By Kawser Abdulahi
With the Winter Olympics kicking off in PyeonChang last week the world’s eye turned to the Korean Peninsula. Although we’re all familiar with the big sports like bobsleigh, figure skating and the skeleton, curling is possibly one of the most (if not the most) puzzling sport at the Winter Olympics.
Originating from Scotland in the mid-16th Century, where misshapen stones from riverbeds were used to slide them across frozen waters. From a game once only played in Scotland alone, Curling made its debut as an Olympic sport during the Chamonix Winter Games in 1924 held in France. However, it wasn’t until 1998, 82 years later, when the sport was added to the official Olympic programme.
Curling is a team sport whereby two teams made up of four players slide stones on a rectangular sheet of ice towards a target area or house at either end which is segmented into four circular rings.

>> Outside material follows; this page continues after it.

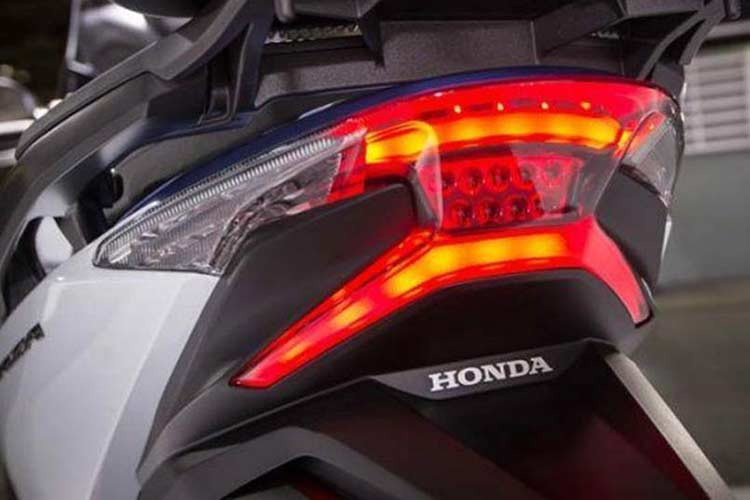 Yên xe thiết kế tương đối lớn, vị trí người ngồi trước hạ thấp trong tâm - yên mềm đủ dùng cho hai người ngồi thoải mái trên những cung đường dài. Ngoài ra nó còn có thêm phụ kiện đi kèm là cốp chứa đồ cỡ lớn phía sau, vật dụng này kiêm tựa lưng cho người ngồi sau đỡ mỏi.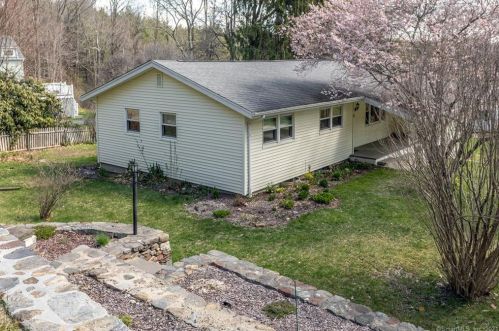 3 Hurley St, Litchfield, CT 06759 exterior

Nicknamed ‘The roaring game’ because of the rumbling sound the 44-pound granite stones make as they travel across the ice, curling played indoors has the artificially created ice is sprinkled with water droplets onto surface which then freeze into tiny bumps on the ice surface.
This ‘pebbled ice’ helps the stone’s grip and results in more consistent curling. Curling players also use brooms to help the stone glide further. There are two types of broom, the most common one is a brush known as ‘push broom’ and the Canadian/straw/corn broom with long bristles which looks more like a normal broom than equipment for an Olympic sport.
The curling rock or stone is made from a dense, rare type of granite quarried from the country of the sports origin in Scotland’s Ailsa Craig and is polished weighing 19.1kg. Players also wear special curling shoes which grip the ice well. Extremely slippery surfaces such as Teflon are used on the sliding foot whilst shooting which are built into some shoes and strapped on.
Aside from the player’s attire the sport which has been often termed as ‘chess on ice’ has increasingly become more high tech and reliant upon the science behind friction as well as the interactions between the stone and ice that determine the outcome of the match.
With dominating teams of the sport originating from Scandinavia, Scotland and North America, it’s unsurprising that research into the science behind curling has emerged from scientists from these regions.
Researchers in Sweden, where the Women’s Team has won gold at the Winter Games in Turin(2006) and Vancouver(2010), after being approached by the Swedish Curling Federation were part of a team looking at how ‘The asymmetrical friction mechanism that puts the curl in the curling stone’.
Nyberg and his colleagues used the same approach to work out stone curls as their more typical work on wear and friction in industrial and technical processes. They looked at the surface in a high resolution to observe the specific machinations and found that the curved path taken by the curling stone is due to the microscopic texture and roughness of the polished stone which created microscopic scratches in the ice.
As the stone glides across the ice it leaves scratches that cause it to turn as the rear of the stone passes over the initial scratches leading to a change in the stones path, changing its direction. This ‘scratch guiding’ is what generates the force needed for the curl.
John Bradley and his team, approached by the Scottish Institute of Sport(SIS), have also looked at another aspect of curling, the broom and the role of the sweeper, using a sweeperogometer. The
sweeperogometer is a normal curling broom with attachments to measure the movement of the strokes on ice.
Bardley and his team found that sweeping harder is more effective at certain points with faster sweeps at others to gain the best results. They also noted that sweeping hard and fast is physically taxing but is very effective at impacting the stone’s path which is essential in a sport where mere fractions and centimetres are the difference between taking home the Gold or Silver.